Born in 1995, they were just six years old when terrorists struck the World Trade Center, defining their reality which for those who grew up here in Niagara Falls also includes the ravages of economic decline from which many, if not most of their neighbors, friends and family have fled for what they believe to be greener pastures.

Except for a few history buffs and curiously inquiring minds, this generation is much more interested in looking ahead then looking back; for most, the future looks a lot better someplace else than does the recent past in Western New York.

The reality is, we may never be the same as we were in terms of the kinds of industry that once flourished here, but we sure can find our way forward and beyond if we focus on the successes of our past, and visualize the future in spite of the present.

I may be hallucinating, but I think we are poised to turn the corner, but to do it, we will have to start looking both ways; back and forward, incorporating the lessons we should have learned from the past with well thought out plans for the future.

The things that made Niagara Falls and Western New York great in the past are still here, alive and well.

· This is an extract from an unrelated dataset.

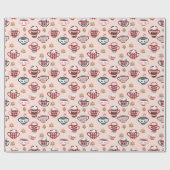 Cacao Cups & Christmas Cheer: Whimsical Pink Cadeaupapier (Vlak)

That includes the spectacular beauty of our geology, the incredible opportunities that bordering the Great Lakes provides us: fresh water, energy, transportation, recreation and America’s largest trading partner, Canada!

Let us not forget either, the amazing roles that our Native, African, and European ancestors played here in shaping America and the world’s future; that part of our history must never be forgotten; it should be celebrated and used as a foundation upon which a clearer, brighter, and more hopeful future can be built.

As Confucius is credited with saying, “Study the past if you would define the future.”